What to work on:
Apart from the pictures, which must be omitted, restate the data exactly.

Data items:
::::

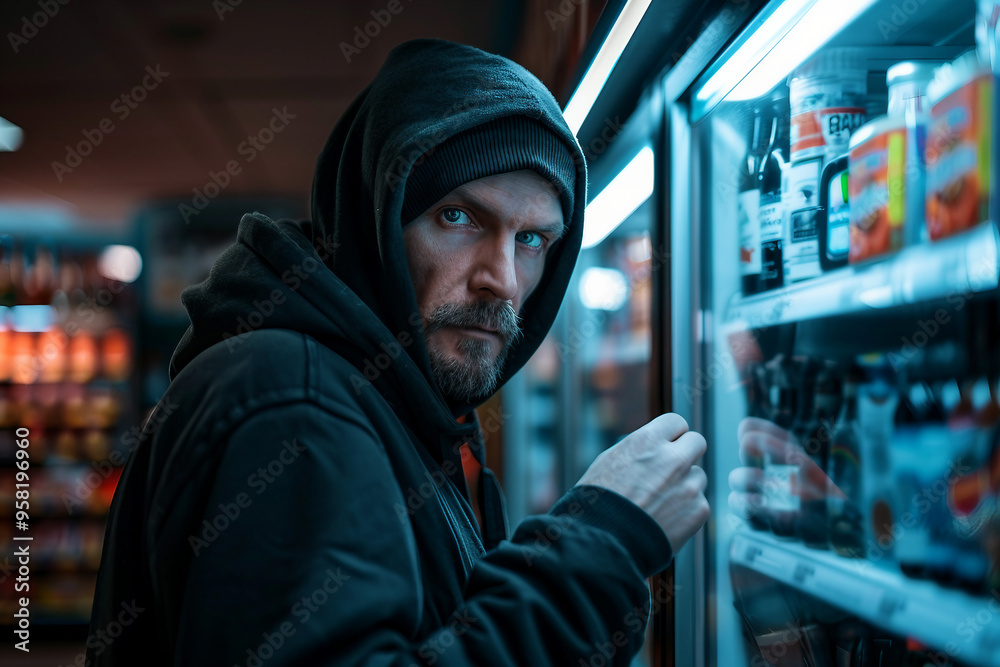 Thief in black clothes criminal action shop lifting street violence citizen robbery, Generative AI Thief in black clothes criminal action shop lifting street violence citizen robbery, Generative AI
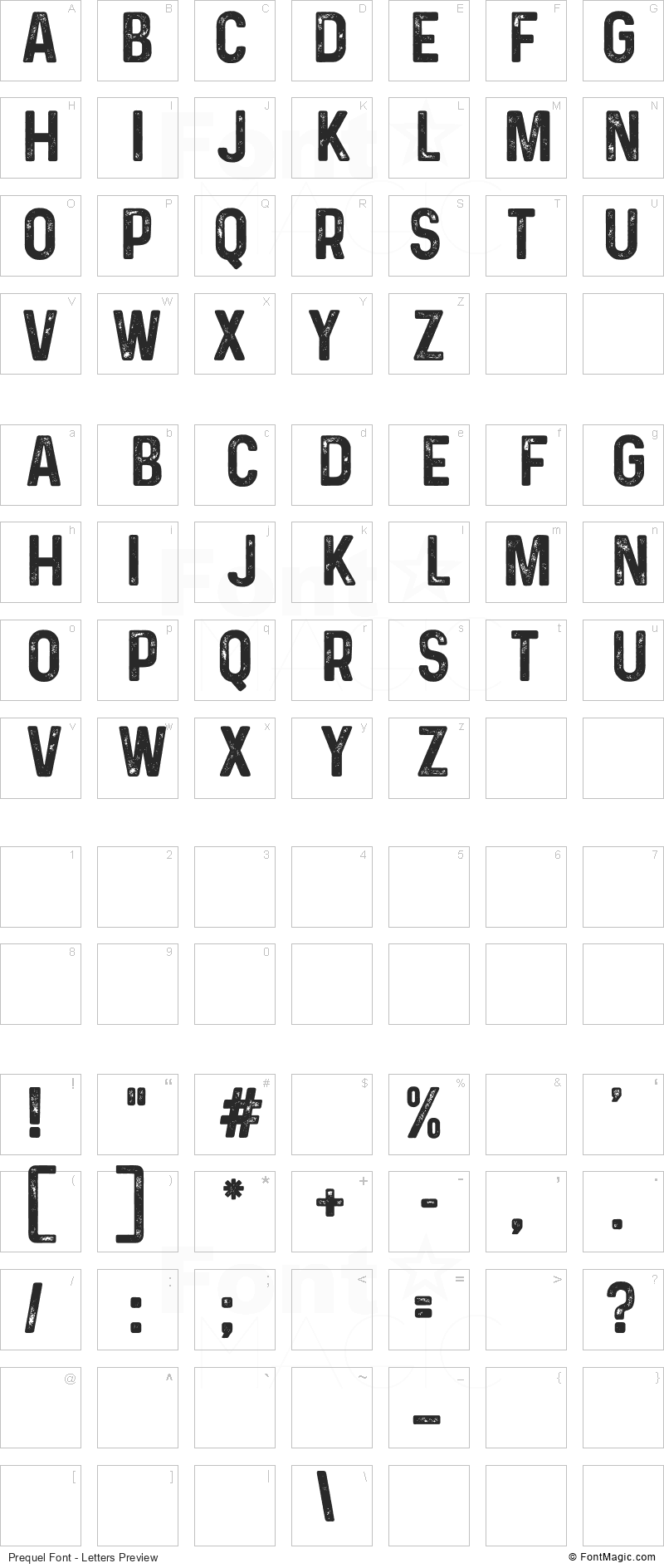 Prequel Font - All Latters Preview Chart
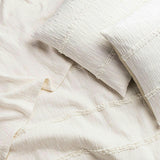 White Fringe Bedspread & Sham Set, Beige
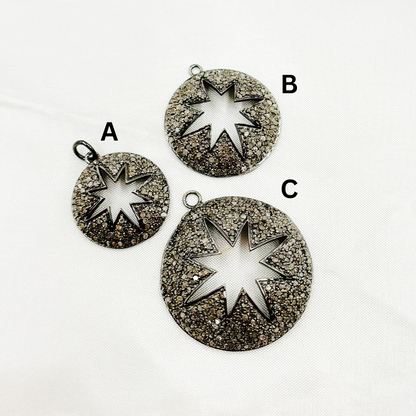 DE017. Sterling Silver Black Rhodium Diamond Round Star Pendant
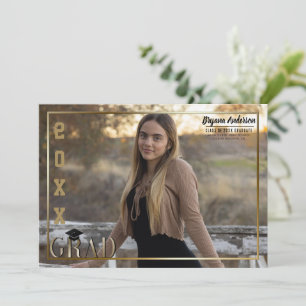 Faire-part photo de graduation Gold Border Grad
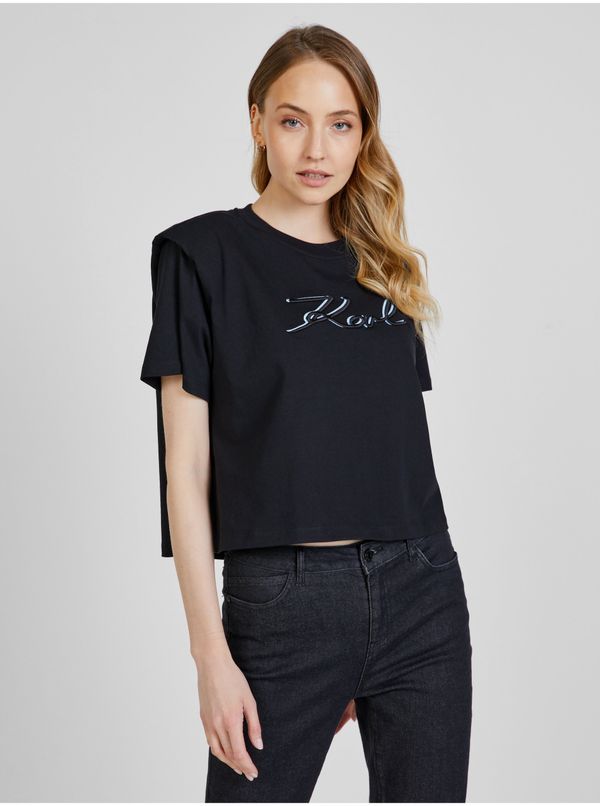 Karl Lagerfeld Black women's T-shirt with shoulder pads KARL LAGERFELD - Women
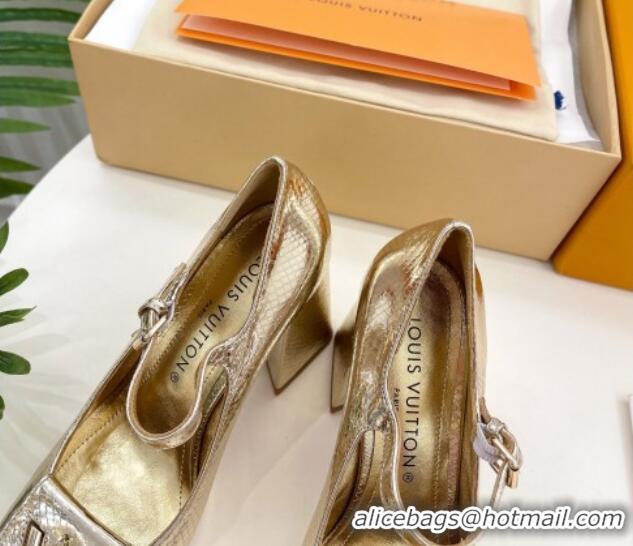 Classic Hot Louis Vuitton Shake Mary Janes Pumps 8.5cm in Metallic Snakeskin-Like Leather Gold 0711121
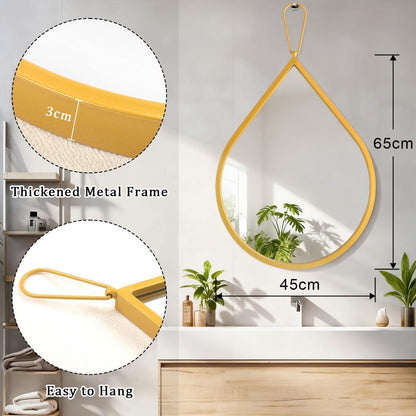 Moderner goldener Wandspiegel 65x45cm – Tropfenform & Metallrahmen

::::

Problem solution:
 Thief in black clothes criminal action shop lifting street violence citizen robbery, Generative AI Thief in black clothes criminal action shop lifting street violence citizen robbery, Generative AI
 Prequel Font - All Latters Preview Chart
 White Fringe Bedspread & Sham Set, Beige
 DE017. Sterling Silver Black Rhodium Diamond Round Star Pendant
 Faire-part photo de graduation Gold Border Grad
 Karl Lagerfeld Black women's T-shirt with shoulder pads KARL LAGERFELD - Women
 Classic Hot Louis Vuitton Shake Mary Janes Pumps 8.5cm in Metallic Snakeskin-Like Leather Gold 0711121
 Moderner goldener Wandspiegel 65x45cm – Tropfenform & Metallrahmen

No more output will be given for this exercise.